Do the two samples yield different results when testing \(H_0 \colon \beta_1 = 0\)? Well, we obtain the following output when the red data point is included:

Model Summary

S	R-sq	R-sq(adj)	R-sq(pred)
10.4459	55.19%	52.84%	19.11%

Model Summary

Term	Coef	SE Coef	T-Value	P-Value	VIF
Constant	8.50	4.22	2.01	0.058
x	3.320	0.686	4.484	0.000	1.00

Regression Equation

\(\widehat{y} = 8.50 + 3.320 x\)

and the following output when the red data point is excluded:

Model Summary

S	R-sq	R-sq(adj)	R-sq(pred)
2.59199	97.32%	97.17%	96.63%

Model Summary

Term	Coef	SE Coef	T-Value	P-Value	VIF
Constant	1.73	1.12	1.55	0.140
x	5.117	0.200	25.55	0.000	1.00

Regression Equation

\(\widehat{y} = 1.73 + 5.117 x\)

What impact does the red data point have on our regression analysis here? In summary:

The \(R^{2}\) value has decreased substantially from 97.32% to 55.19%. If we include the red data point, we conclude that the relationship between y and x is only moderately strong, whereas if we exclude the red data point, we conclude that the relationship between y and x is very strong.
The standard error of \(b_1\) is almost 3.5 times larger when the red data point is included — increasing from 0.200 to 0.686. This increase would have a substantial effect on the width of our confidence interval for \(\beta_1\). Again, the increase is because the red data point is an outlier — in the y direction.
In each case, the P-value for testing \(H_0 \colon \beta_1 = 0\) is less than 0.001. In both cases, we can conclude that there is sufficient evidence at the 0.05 level to conclude that, in the population, x is related to y. Note, however, that the t-statistic decreases dramatically from 25.55 to 4.84 upon inclusion of the red data point.

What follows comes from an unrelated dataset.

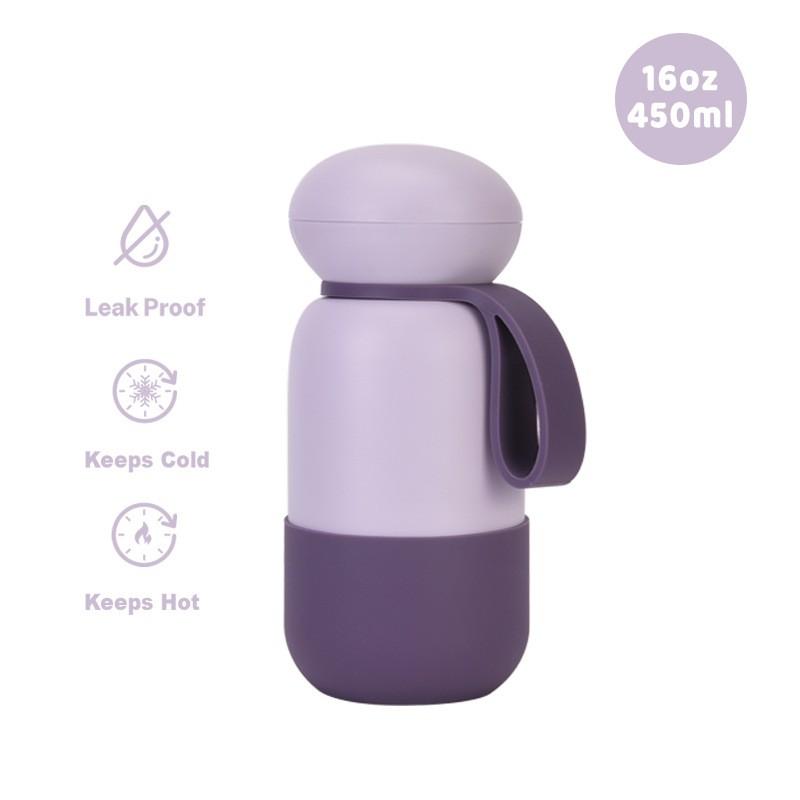 Borraccia da Viaggio Termica Sottovuoto in Acciaio Inossidabile da 450ml con Anello Maniglia per Sport all'Aperto, Ufficio, Campeggio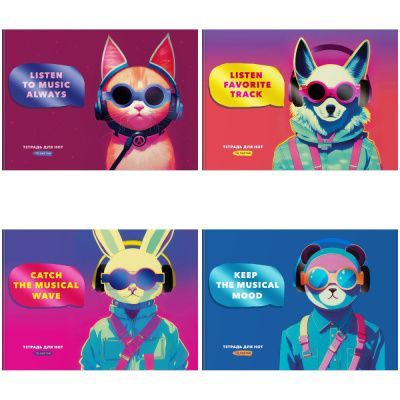 Тетрадь для нот 16л., А4, BG "Musical animals", ТН4ск16 12432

Here, the predicted responses and estimated slope coefficients are clearly affected by the presence of the red data point. While the data point did not affect the significance of the hypothesis test, the t-statistic did change dramatically. In this case, the red data point is deemed both high leverage and an outlier, and it turned out to be influential too.

Summary

The above examples — through the use of simple plots — have highlighted the distinction between outliers and high-leverage data points. There were outliers in examples 2 and 4. There were high-leverage data points in examples 3 and 4. However, only in example 4 did the data point that was both an outlier and a high leverage point turn out to be influential. That is, not every outlier or high-leverage data point strongly influences the regression analysis. It is your job as a regression analyst to always determine if your regression analysis is unduly influenced by one or more data points.

Of course, the easy situation occurs for simple linear regression, when we can rely on simple scatter plots to elucidate matters. Unfortunately, we don't have that luxury in the case of multiple linear regression. In that situation, we have to rely on various measures to help us determine whether a data point is an outlier, high leverage, or both. Once we've identified such points we then need to see if the points are actually influential. We'll learn how to do all this in the next few sections!

11.2 - Using Leverages to Help Identify Extreme x Values

In this section, we learn about "leverages" and how they can help us identify extreme x values. We need to be able to identify extreme x values, because in certain situations they may highly influence the estimated regression function.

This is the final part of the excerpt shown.